In 2015, ResMed bought Chinese sleep tech company Curative Medical, which continues to operate as a separate entity, but giving the company manufacturing and sales capacity in China.


Top of the pops in Aussie medtech

Electronic pacemaker, 1927: 

Dr Mark Lidwill and physicist Edgar Booth create the first heart pacemaker and save a baby’s life. 

Sunscreen, 1928

The world’s first “sunburn preventative cream” was created by Adelaide chemist Milton Blake. He founded Hamilton Laboratories which was still operating until 2010 when it was bought by Canadian listed pharmaceutical company Valeant. 

Penicillin, 1940s: 

Scientist Howard Florey develops Alexander Fleming’s discovery of penicillin as a usable antibiotic. 

Cochlear implant, 1978: 

Professor Graeme Clark develops a device that bypasses damaged inner ears to directly stimulate the auditory nerve.

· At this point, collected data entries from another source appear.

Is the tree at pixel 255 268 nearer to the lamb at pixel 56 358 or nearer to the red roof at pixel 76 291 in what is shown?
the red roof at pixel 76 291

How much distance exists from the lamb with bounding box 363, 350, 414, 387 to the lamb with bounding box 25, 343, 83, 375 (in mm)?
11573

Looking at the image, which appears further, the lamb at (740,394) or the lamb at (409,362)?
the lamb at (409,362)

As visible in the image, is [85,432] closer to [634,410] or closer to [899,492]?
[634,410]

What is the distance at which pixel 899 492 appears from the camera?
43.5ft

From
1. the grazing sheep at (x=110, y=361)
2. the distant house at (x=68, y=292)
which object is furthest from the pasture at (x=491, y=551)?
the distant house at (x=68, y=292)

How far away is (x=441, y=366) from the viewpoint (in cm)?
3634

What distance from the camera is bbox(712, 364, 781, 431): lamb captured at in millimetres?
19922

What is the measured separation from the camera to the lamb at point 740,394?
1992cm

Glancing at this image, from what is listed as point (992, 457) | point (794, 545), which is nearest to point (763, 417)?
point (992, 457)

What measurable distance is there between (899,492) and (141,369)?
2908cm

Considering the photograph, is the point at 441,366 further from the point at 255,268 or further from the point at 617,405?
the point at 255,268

It is commercialised by ASX-listed Cochlear Ltd. 

Spray-on skin, 1993: 

Professor Fiona Wood sprays skin cells onto burn wounds promoting faster healing. She cofounds AVITA Medical and takes it to market. 

Cervical cancer vaccine, 2006: 

Professor Ian Frazer develops the world’s first anti-cancer vaccine – targetting cervical cancer. It is taken to market by US pharmaceutical giant Merck & Co. 

First flu drug, 1999

Before Tamiflu, Relenza is created by Professor Peter Coleman and Joseph Varghese at the CSIRO in collaboration with Graeme Laver from ANU. It is developed by Australian biotech, Biota – the first Australian biotech to get a drug to market.